The sealing engagements of the packers provides the required
pressure integrity at the junction for a level five.
[0110] In another alternative embodiment of this invention, the
main tubular 20 and lateral tubular 40 can be run separately into
the well bore. This is typically necessary when the lateral tubular
40 includes a pipe string that is hundreds of feet long. Usually,
the lateral 40 is run as one piece with the main tubular 20, but
when it is so long that the lateral tubular 40 extends a great
distance into the lateral borehole 16, it becomes impractical to
run the assembly as one piece.
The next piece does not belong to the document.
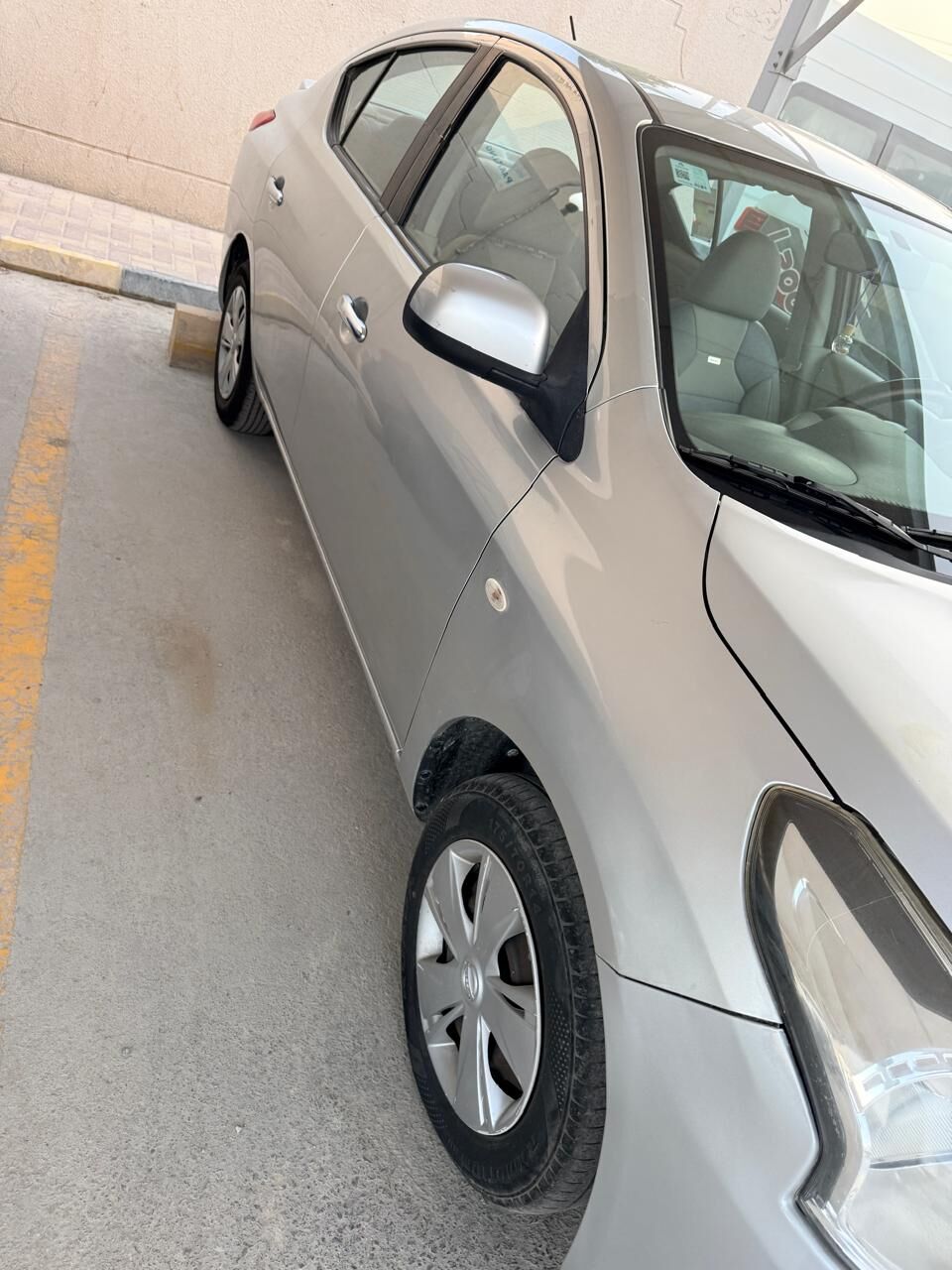 Jubail, Vehicles, Cars & Trucks , SAR 25000,  Nissan Sunny,  2020,  Automatic,  250456 KM,    Model Auto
In such an embodiment, the lateral
tubular 40 can be run in separately after the main tubular 20 has
landed onto the well reference member 230. After the main tubular
20 is run into the main bore 14, the main window 26 is aligned with
the casing window 240. The lateral tubular 40 may subsequently be
run through the main bore 14 and into the lateral bore 16,
similarly achieving alignment between the main window 26 and
lateral window 42.
[0111] Where a long pipe string is attached to the end of the main
tubular 20, a retainer may be added to the lower end of lateral
tubular 40 adjacent the shear pin 122 to carry the additional load
of the main tubular 20 on the lateral tubular 40. Also if a liner
is attached to the end of lateral tubular 40, a swivel may be used
to attach the lateral tubular 40 with the liner to allow the liner
to swivel freely as the liner is passing into the lateral borehole
16.
[0112] One advantage of the present invention is that a liner
several hundred feet long can be disposed on the end of the lateral
tubular 40 and run immediately after the borehole has been drilled.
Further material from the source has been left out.